§ **What you are asked to do**
Excluding pictures, retype exactly the lines from the one with "Cartoon Peace Shorts" through the end of the records that follow.

[Web page caption snippets]
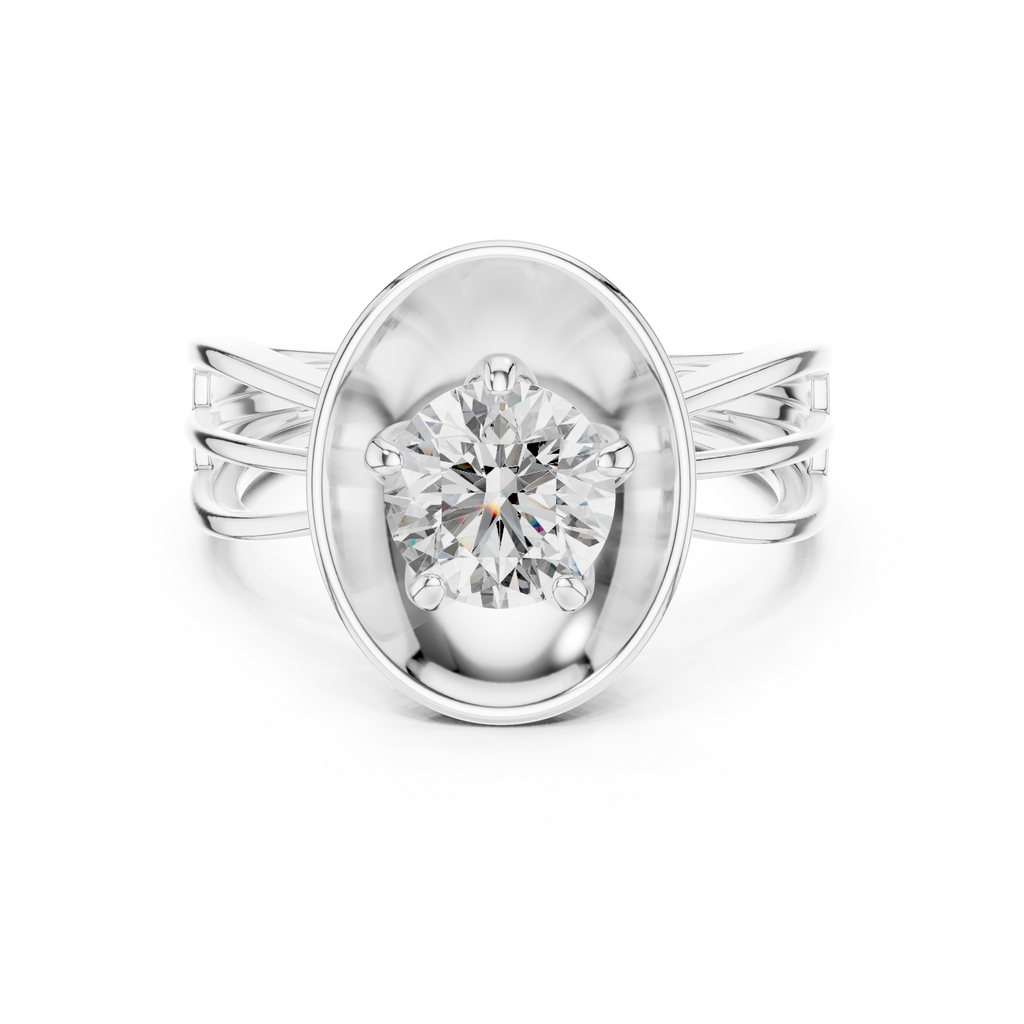 1 CT Round Cut Minimalist Solitaire Engagement Ring | 925 Sterling Silver & 18K Plating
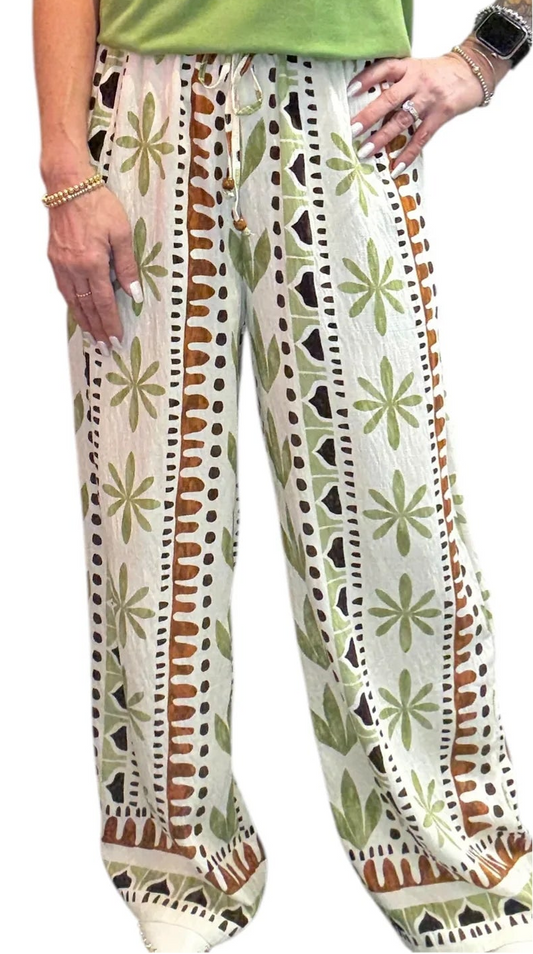 PRINTED WIDE LEG PULL-ON PANTS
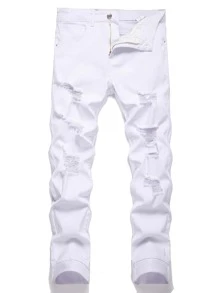 Manfinity LEGND Nam Quần jean ôm Bông Rách Frayed - trắng - Xem 1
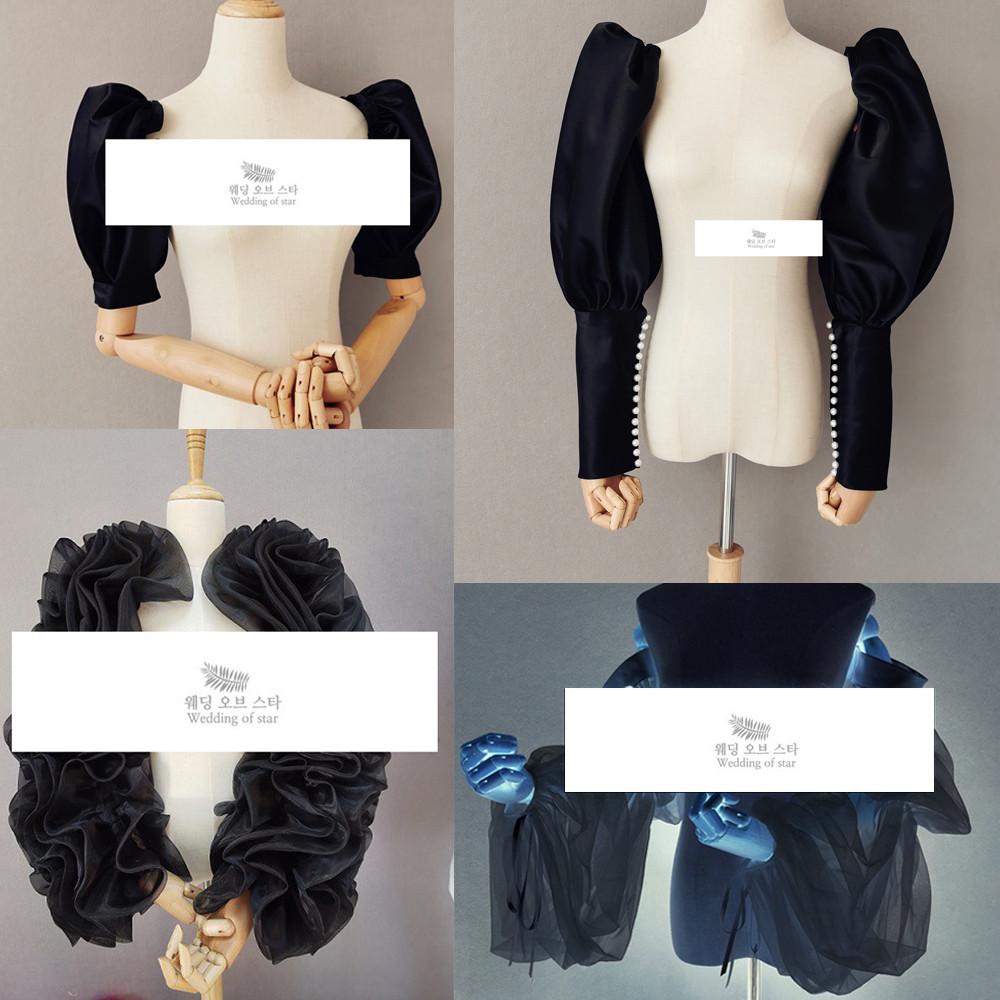 웨딩 소매 웨딩드레스 볼레로 벌룬 케이프 퍼프 긴팔 반팔 새틴 블랙 슬리브 wsa089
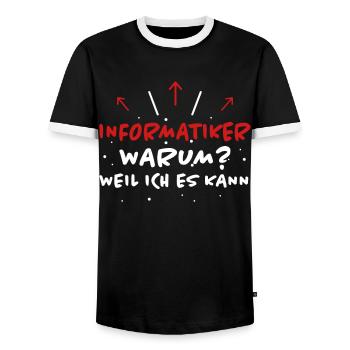 Informatiker Spruch Lustige Programmierer Geschenk - Männer Kontrast-T-Shirt - Schwarz/Weiß - Vorne - AI Model Female 172 light (172cm) & AI Model Male 178 light (178cm)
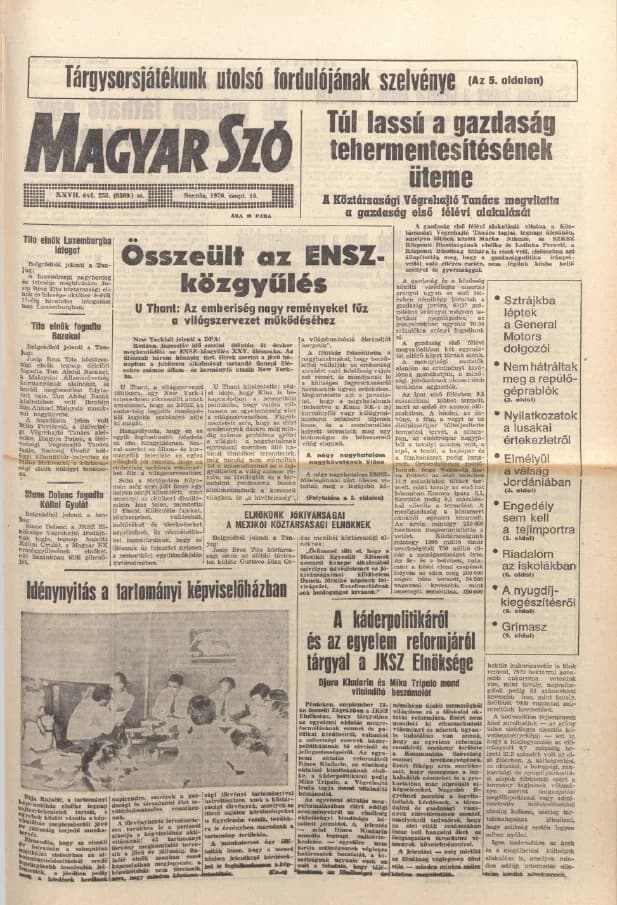Magyar Szó, 27. évf. 1970. szeptember 16. 255. sz. 1–14. oldal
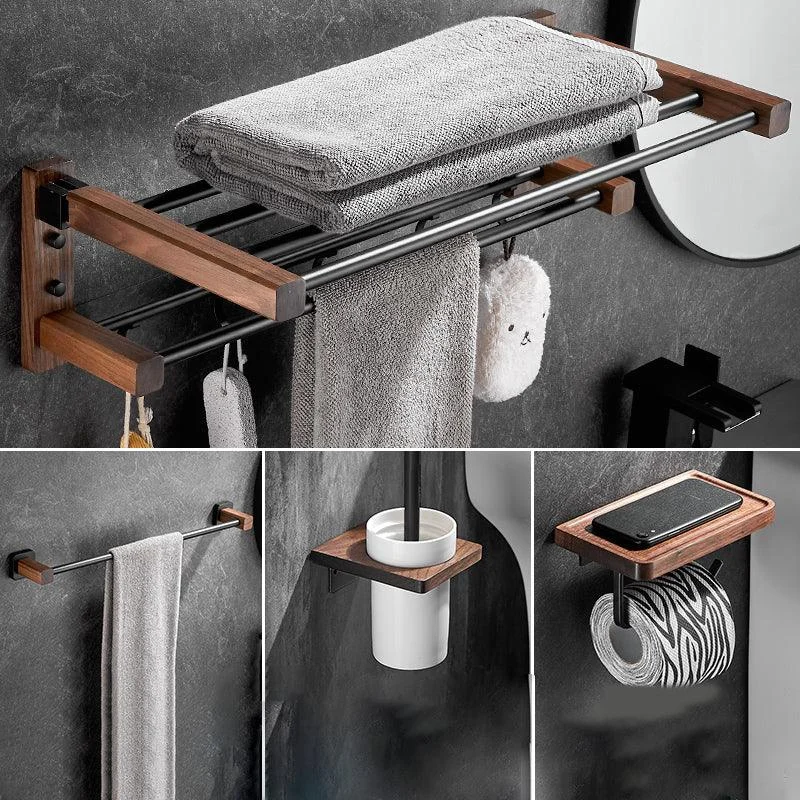 Modern Black Bathroom Set Bath Shelf Towel Bar Bath Hardware Set -Bathlova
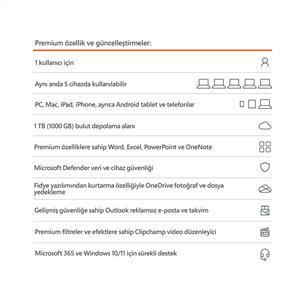 ONLINE MICROSOFT 365 BİREYSEL (1 Kullanıcı- 1 Yıl ) (Dijital İndirilebilir Lisans)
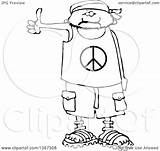 Cartoon Peace Shorts Wearing Shirt Sandals Clipart Hitchhiker Bandana Male Illustration Royalty Human Outline Lineart Vector Djart Drawing Cox Dennis sketch template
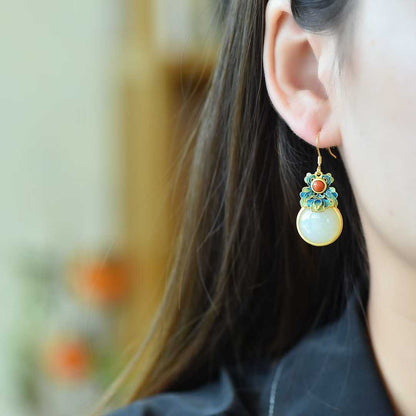 925 Silver-Inlaid Hetian Jade Enamel Earrings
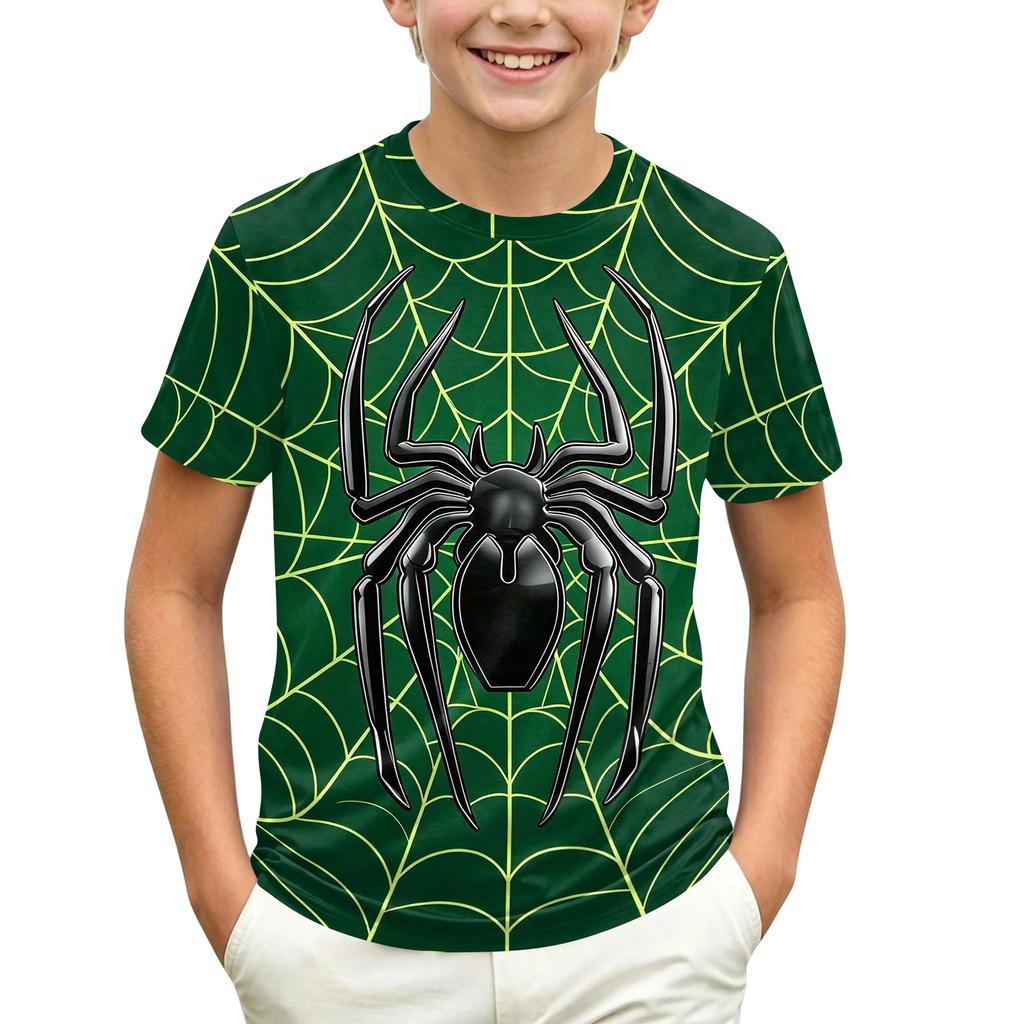 Kids' Short Sleeve Neck T-Shirt with Graphic Print for Casual Daily Wear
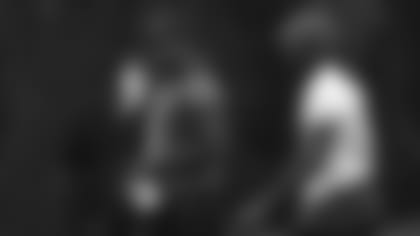 Xavier Rhodes and Teddy Bridgewater during a Vikings practice.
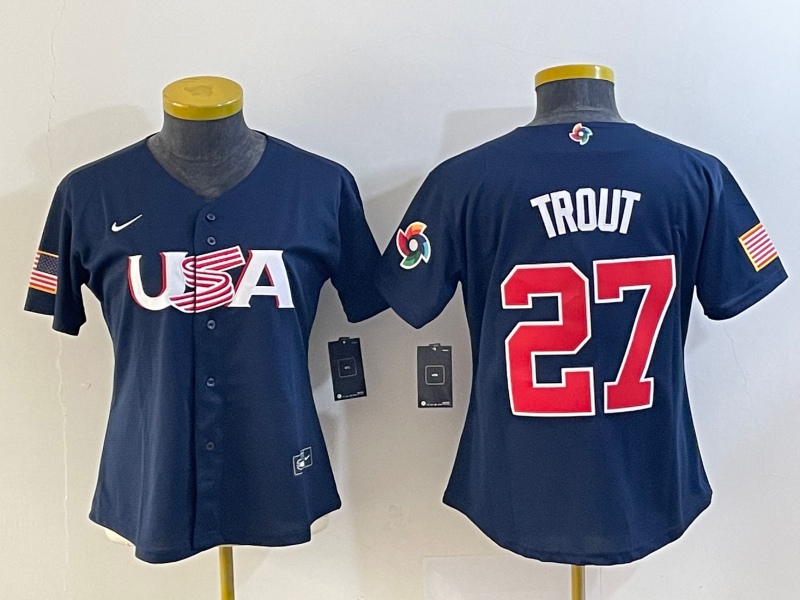 Women's USA Baseball #27 Mike Trout 2023 Navy World Classic Stitched Jersey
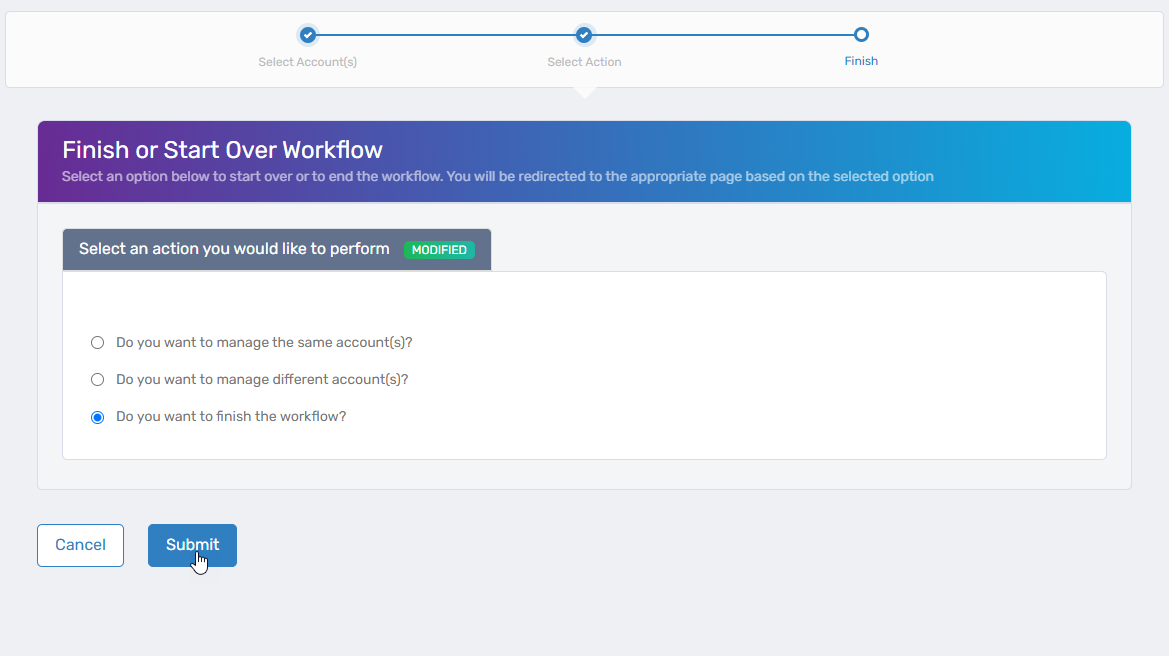Workflow completion options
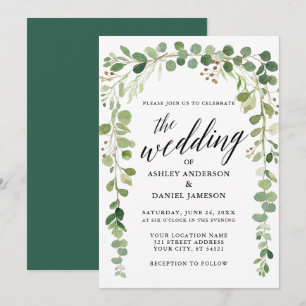 Convite Casamento moderno botânico da caligrafia da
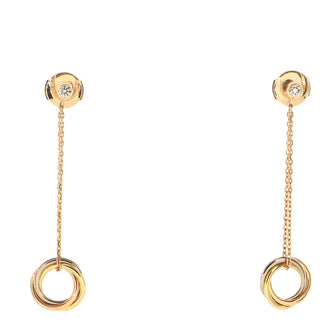 Cartier Trinity Diamond Drop Earrings 18K Tricolor Gold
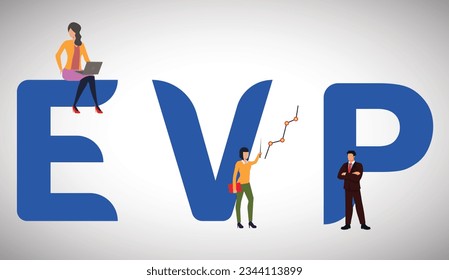 EVP is the Executive Vice President. For: people, business, icons and backgrounds. Flat vector illustration. Isolated on white.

§ **Task output**
 Cartoon Peace Shorts Wearing Shirt Sandals Clipart Hitchhiker Bandana Male Illustration Royalty Human Outline Lineart Vector Djart Drawing Cox Dennis sketch template
 925 Silver-Inlaid Hetian Jade Enamel Earrings
 Kids' Short Sleeve Neck T-Shirt with Graphic Print for Casual Daily Wear
 Xavier Rhodes and Teddy Bridgewater during a Vikings practice.
 Women's USA Baseball #27 Mike Trout 2023 Navy World Classic Stitched Jersey
Workflow completion options
 Convite Casamento moderno botânico da caligrafia da
 Cartier Trinity Diamond Drop Earrings 18K Tricolor Gold
 EVP is the Executive Vice President. For: people, business, icons and backgrounds. Flat vector illustration. Isolated on white.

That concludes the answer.